In the long run, the Court’s decision is also a powerful signal that a temporary crisis cannot be used as an excuse for politicizing the rules of elections. The plaintiffs argued that because the pandemic supposedly made it harder to obtain signatures, courts should simply change the rules. But altering election laws in the midst of a crisis is a dangerous idea—and allowing it would set a precedent that could undermine the stability of our constitutional system.
Today’s decision included no written opinion—the Court indicated that will be released later—but it follows on the heels of a federal court decision that also refused to change the state’s election laws.
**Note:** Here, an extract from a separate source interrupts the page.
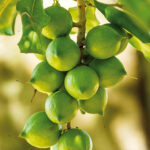 macadamia at limbua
That case, too, found that there was nothing unconstitutional about requiring actual, in-person signatures for ballot initiatives; after all, that requirement does not prevent anyone from expressing an opinion. In fact, the system was specifically designed to ensure that in-person signature gathering occur in order to limit frivolous initiatives from appearing on the ballot.
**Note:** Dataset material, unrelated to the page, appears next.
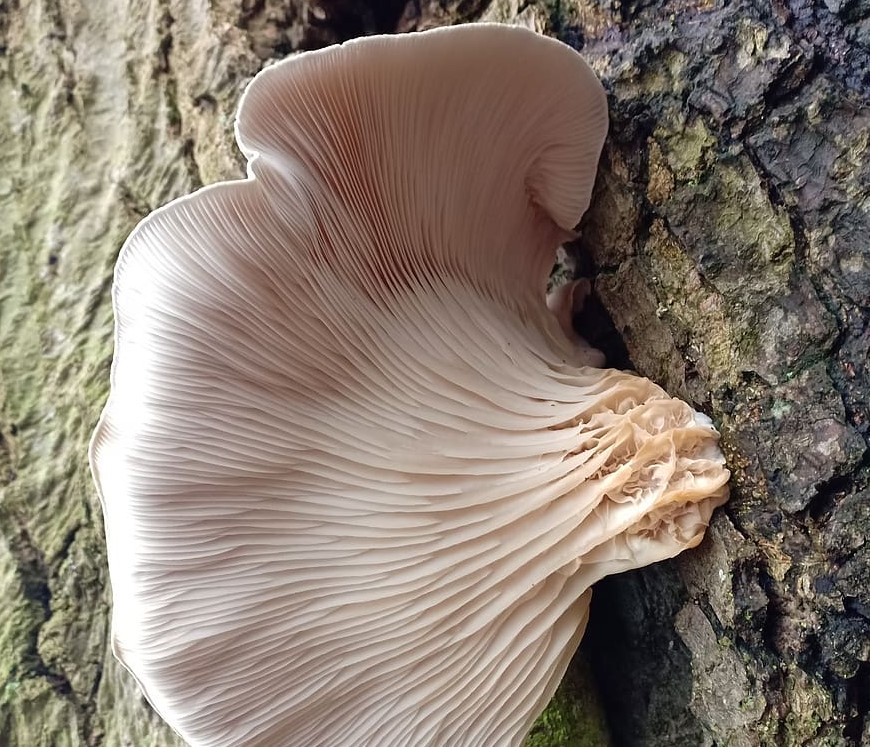 Oyster Mushrooms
The importance of maintaining integrity in our initiative process cannot be overstated. And the voters have every right to expect that major policy changes are not given special privileges simply because the supporters of massive tax increases and other ill-conceived measures don’t want to actually talk to voters and collect signatures. We’ll have more to say about today’s ruling when the Court issues its in-depth opinion. In the meantime, you can learn more about the case at our case page.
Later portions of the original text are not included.